Recordou do sonho que tivera em Votuporanga e, de repente, a solução lhe veio inteira, simples, clara como água minando da pedra. Não ia deixar aquele vagabundo estragar tudo, não de novo. Comprou uma arma, o passo mais simples: tresoitão com numeração raspada. Achou o ex-namorado nas imediações da rodoviária, levou-lhe uma pedra. Esperou sentada na guia que ele a fumasse. Fez-lhe a proposta indecente: ganhava outra depois de um servicinho. Prometeu que pagaria a dívida dele com os cabeças: os bandidos não iam mais apagá-lo, e assim aquele burro poderia continuar atrás da única cenoura que ainda o fazia puxar a carroça. O rapaz desempenhou: abordou o malandro numa viela quando saía do bar, dois tiros no peito e um na cabeça. Chegou já sem vida ao PS do Ana Costa.

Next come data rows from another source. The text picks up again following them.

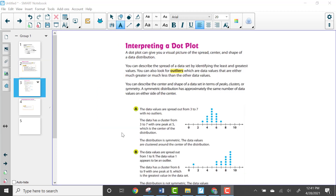Now let's look at page 471, which is about interpreting a dot plot. A dot plot can give you a visual picture of the spread, center, and shape of data distribution. You can describe the spread by identifying the least and greatest values, and also look for outliers — data values that are either much greater or much less than the other data values. For example, a 75-degree day in February would be an outlier.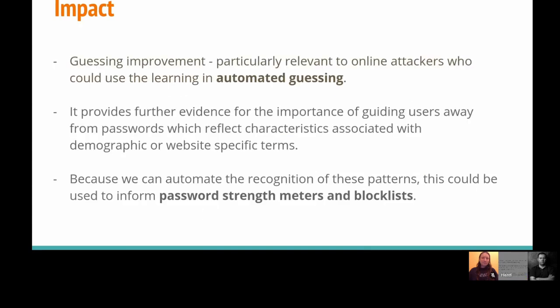So what have we shown? We've shown there's definitely a guessing improvement. There was one situation where we didn't get a guessing improvement — that was when we guessed the Yahoo data and found the RockYou dataset did best, not the multi-armed model — but in most cases the multi-armed bandit model did the best. One interesting thing to note is that we optimized our model to get out the correct proportions; whereas if you were giving rewards based on getting the most successes, you'd probably get even better results. The second impact is it provides further evidence for the importance of guiding users away from passwords which reflect characteristics associated with demographic or website-specific terms. And because we can automate the recognition of these patterns, we think this could be used to inform password strength meters and block lists.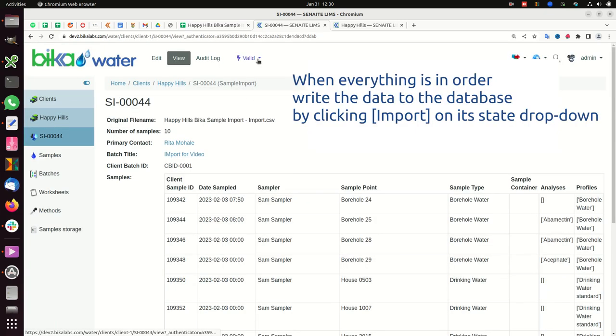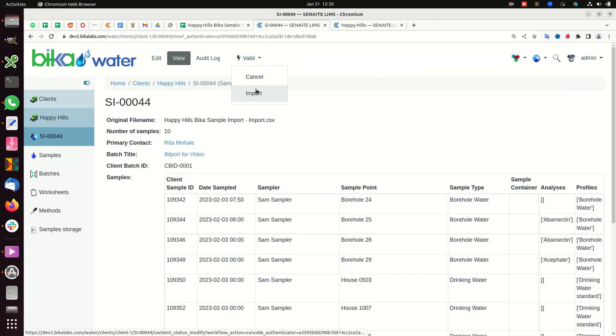When everything is in order, write the data to the database by clicking import on its state dropdown.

Fim da linha para o Zé Pilintra. O revólver, atirou-o do alto de uma ribanceira perto do rio Diana. Adeus papai, adeus sogrão, descanse na paz dos vermes da terra. Bem feitas as contas, era uma digna filha daquele filho da puta, com a diferença de que não deixaria rabo atrás de si. Pagou o trafica para ‘descer’ o nóia; menos um no mundo. Quem liga? Contabilizou seus três crimes: o aborto, o assassinato do pai e o do zumbi; concluiu que só lhe pesava mesmo o primeiro, abominação que carregaria pelo resto dos seus dias, uma alma pela qual rezava todas as noites. No mais, abriria mão de ter filhos, quem sabe convencia o marido a adotar ― por que não? Mas nada, nem ninguém, a faria desistir da paixão da sua vida. É muito difícil achar o amor verdadeiro hoje em dia.
Quando o marido chegou de noite, encontrou-a apertando um chumaço de algodão ensangüentado sobre o polegar.
― Que foi isso?
― Um corte de nada. A carne... estava fazendo a sua sopa, meu bem.